Yeah, thanks, Sandy. So we haven't disclosed any new data today. What we expect is updates to these datasets that we've shared recently in upcoming scientific meetings. And we'll keep some of that information close to our vests until we get there. But there will be an update at those meetings. And what we're committed to, as what Chris kind of pointed to earlier, is we now have multiple efforts underway, domestic and international, where we are going to continue to build on the understanding of the mechanism and support our clinical activities and biomarker activities and other stuff. So because of that workflow, that is allowing us a much larger data set to work with and continue to support our clinical activities. I'll turn it over to Dr. Arora and then Chris, you can elaborate on anything after Dr. Rohrer.

Yes, so your question was about regulatory interactions. As you know, with protocol amendments, the NTA doesn't ask for and doesn't grant actual meetings, so we have submitted the protocol amendment to the FDA. They have asked us for some minor clarifications at this point, and we have already sent them the responses for that. It's our expectation that we will be able to sort out the minor issues that have been raised, and we will be able to start rolling patients into our extension. It's very unlikely that they will ask for any kind of actual meeting around the protocol amendment.

Your next question comes from, pardon, your next question comes from the line of John Wolben of Citizens JMP. Your line is open.

Hey, thanks for taking the question. I'm wondering if you guys have looked at blinded baseline data and specifically wondering if you have any concerns like we've seen with some of the anchor teams about reduced efficacy in larger individuals and also in the Hispanic population, if there's anything in the demographics that you know, caught your eye when you take a look at that.

So, Jonathan, we're still blinded to the data, so we don't really have access to anything. But Dr. Arora, do you want to take a stab at anything that you want to provide context from your experience?

Yeah, so, you know, we have, I think we've managed to get a pretty good representative population recruited for this trial. We do have some Hispanic representation and we also have a pretty good weight range to my mind. So once we unblind, we, you know, to the extent that sub-analysis is actually possible based on these parameters, we will be able to do that. But at the moment, as Puneet pointed out, we are blinded. So it's hard to know right now whether or not there's any correlation or whether any of these individual parameters are making a difference.
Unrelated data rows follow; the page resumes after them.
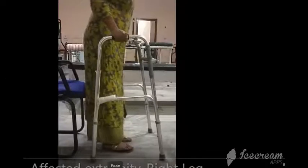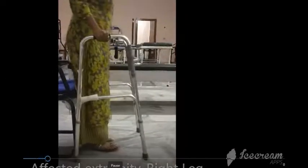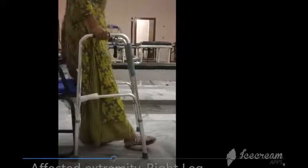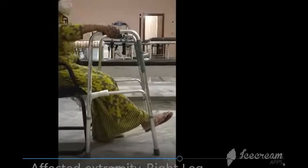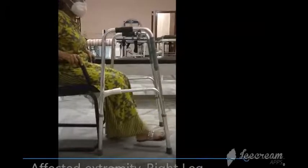When the patient wishes to sit down, ask the patient to approach the chair and bring the walker close to it, then turn around and step back. Slightly keep the affected extremity flexed if needed, hold on to the armrest, and then sit down.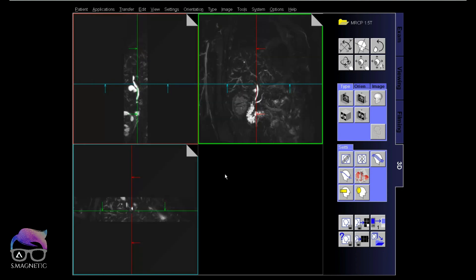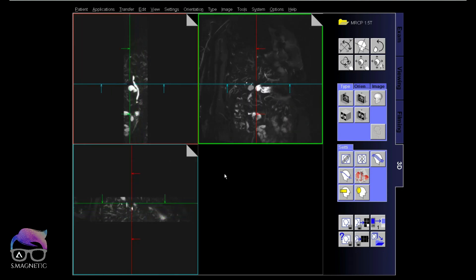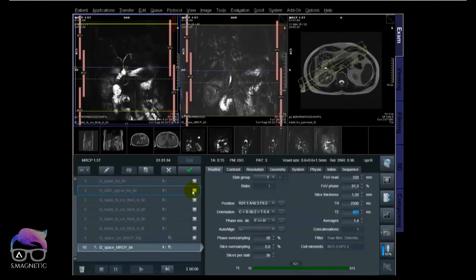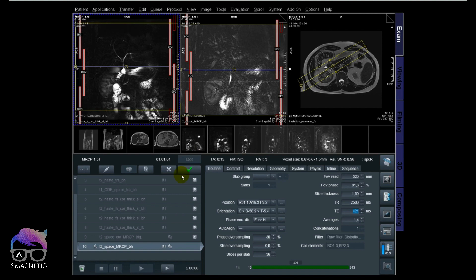In the end, we should rely on native images and not on the MIPs. MIPs are great to look at, but native images are what you should base your assessment on.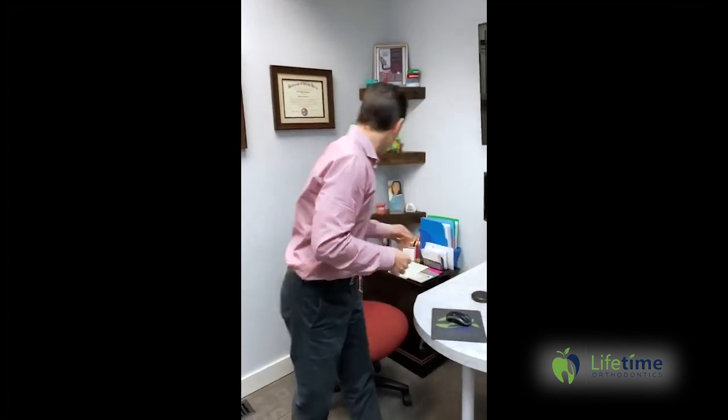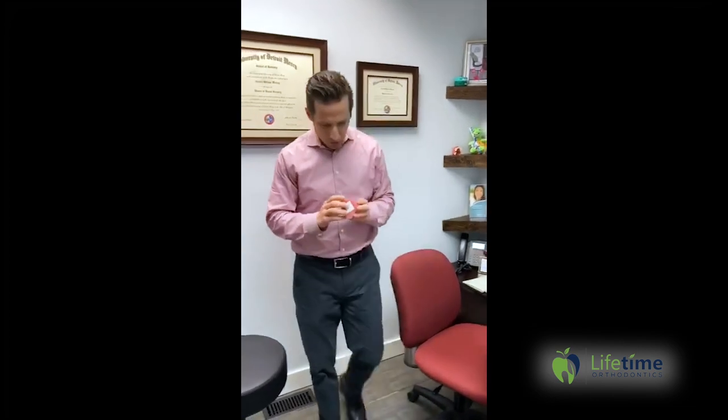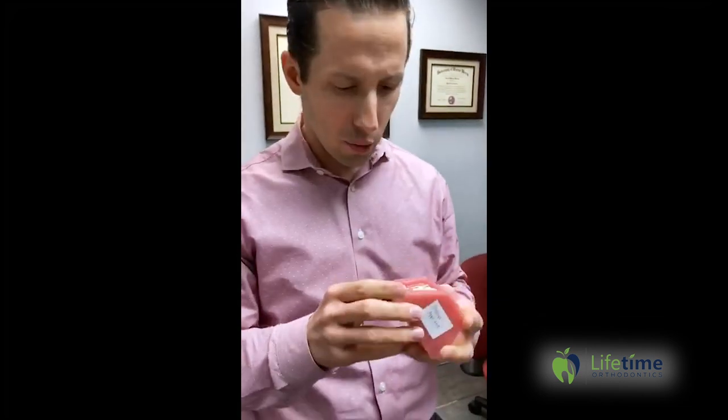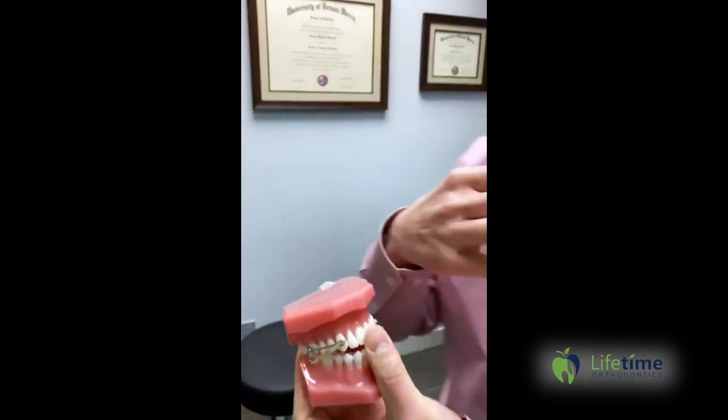Today I'm going to talk a little bit about elastics. If you saw the last episode of my Invisalign journey, at the very end you can see how I struggled to put on my elastics — like most people do the first time. I'm going to show this model, which is a model of the same appliance I have, and you can see here how it's bonded to the teeth. Essentially, you need to wear these elastics.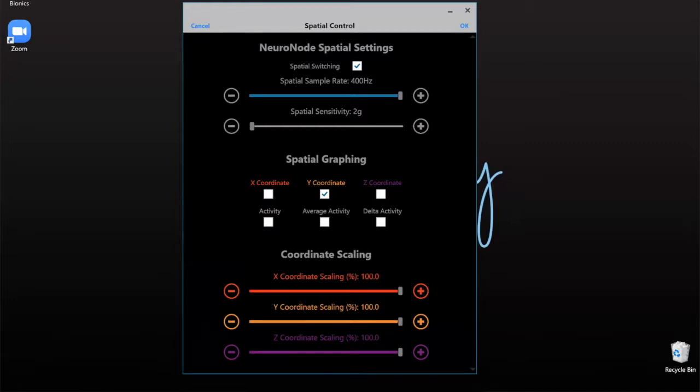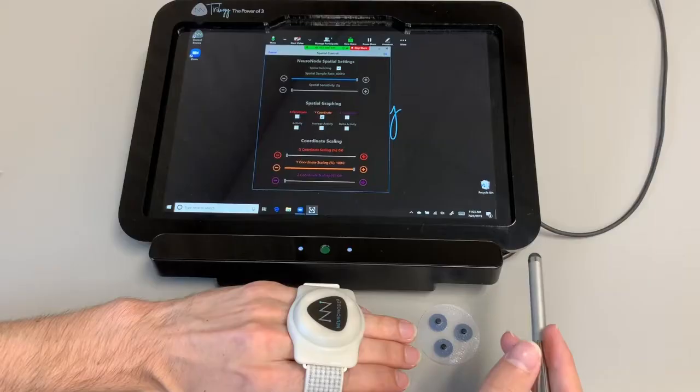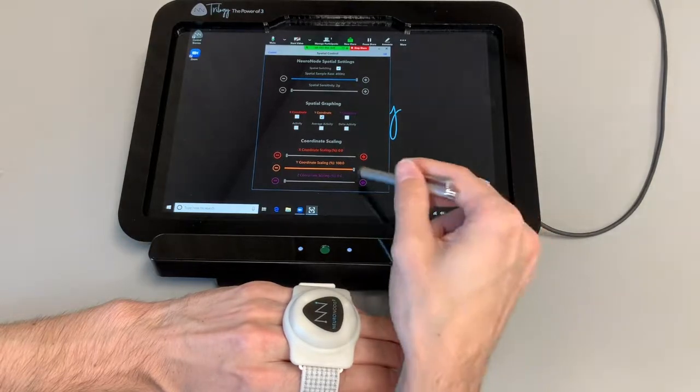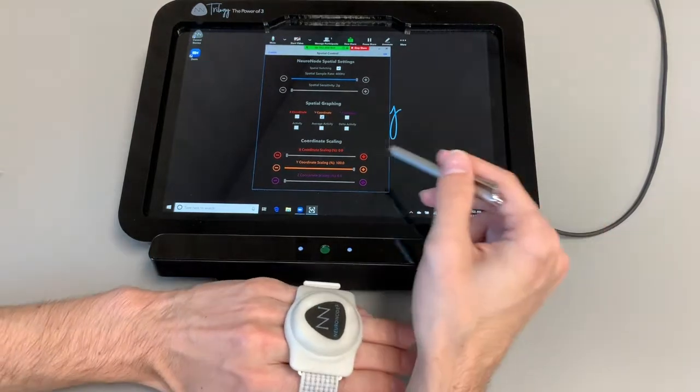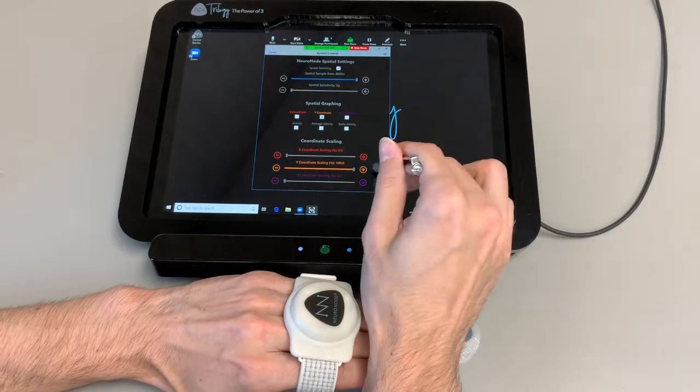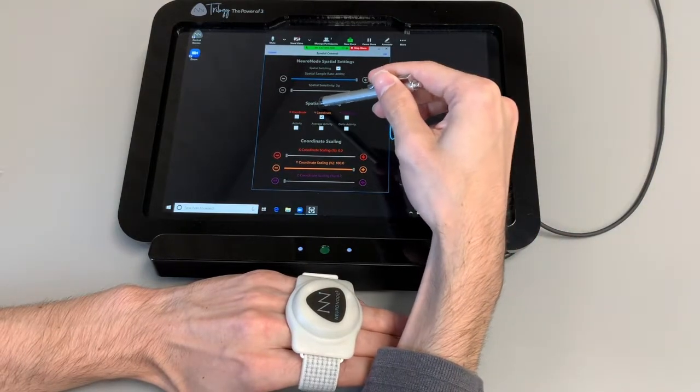We're also going to come down to these scaling lines and turn the red one down to zero and the purple one down to zero. There are scenarios where you may have two of these going at the same time, but what we're doing here is making it so it's basically counting 100% of that orange line's activity, and not counting any of the movement on the red or purple line with the zero values. So it's not going to read me moving it up and down as a switch. We just want this side-shaking motion — focus on the orange one being at 100%, this Y coordinate being checked.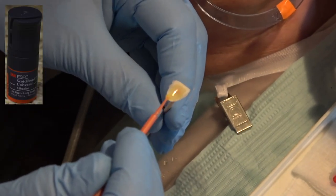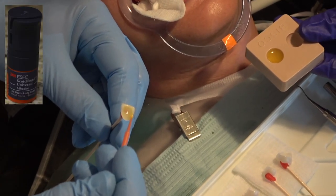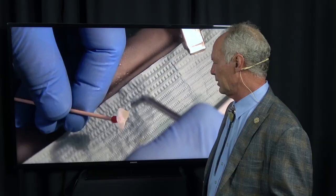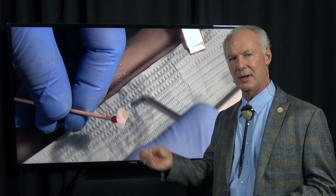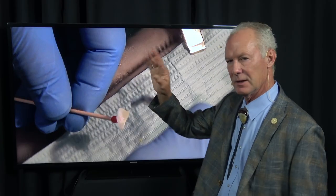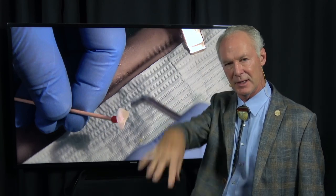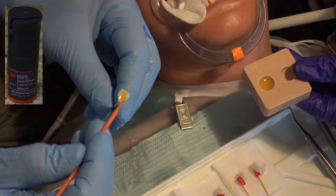Then we're going to place primer adhesive on the two sides of the veneers and blow it off - that's very important. The reason you blow it off: there's an acetone carrier in the primer adhesive that carries the primer into the dentinal tubules, and it's attracted to moisture. Even though all the preps are normally in enamel, I still don't desiccate the teeth - I just blot them dry with a two-by-two because a little moisture helps pull the primer into the enamel areas.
And how do you think about managing discontinuations in the combination arm? And are you allowing dose adjustments for patients on semaglutide?
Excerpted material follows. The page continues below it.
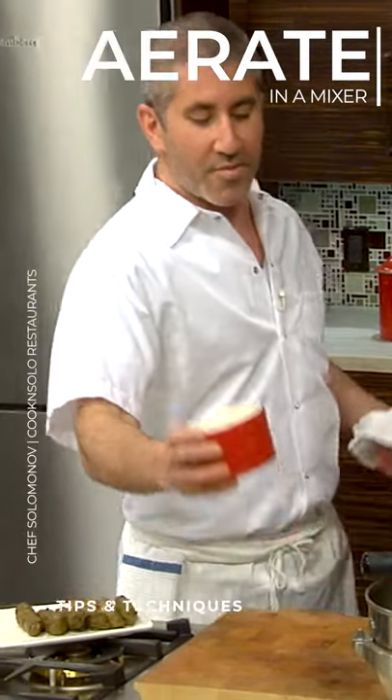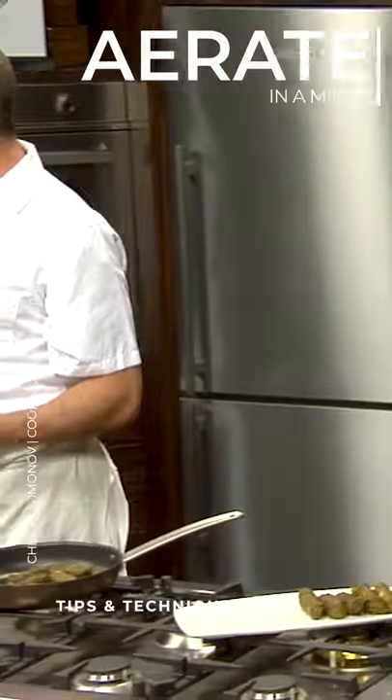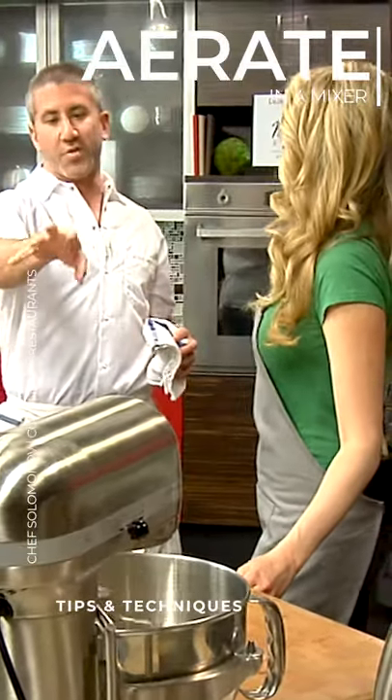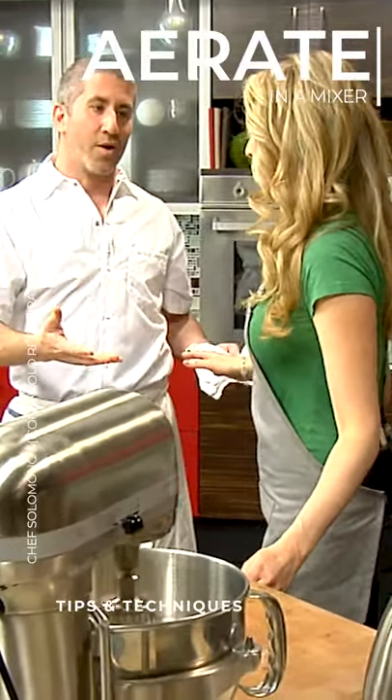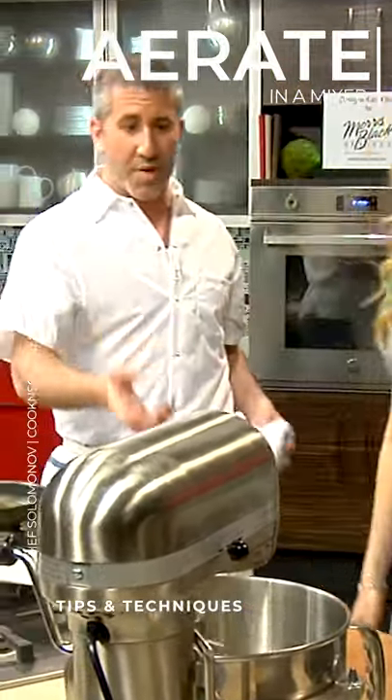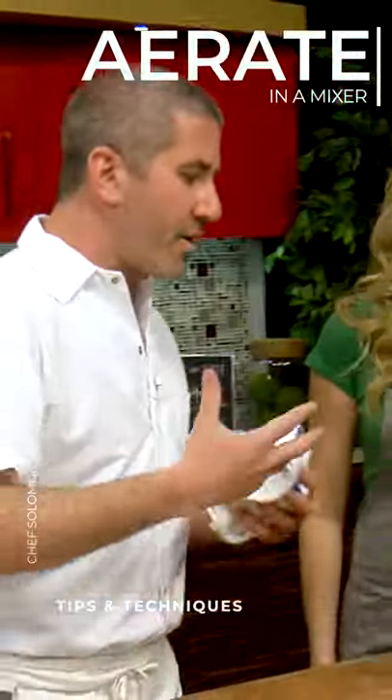When everyone makes hummus, they always throw everything in the blender and puree it all — which is not what you should be doing. What we do is aerate. Well, it gets really pasty and then you have to dilute it with water. So what we're gonna do is make this nice and aerated and whipped.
And so that's one of the reasons that we've kept the The rollover gap small is that we don't want patients off semaglutide for any extended period. They are limited to being off their drug for only four weeks, and this will only account for the few initial patients who will be able to join the rollover extension. when we are able to begin it and have recently finished. After that, everyone who rolls over will roll over directly. So there will be no gap and we won't need to do any dose adjustments for the semaglutide because they're already on effective doses of semaglutide. For the few patients who will have this small gap, we have made some allowance to be able to go back a little bit on those and be able to, if they're required to, and to be able to readjust to the semaglutide. We know that these people can tolerate the effective dose of semaglutide because they will all have completed 26 weeks of treatment on it.

Got it. All right. Thanks, guys.

With no further questions, ladies and gentlemen, this concludes today's conference call. You may now disconnect.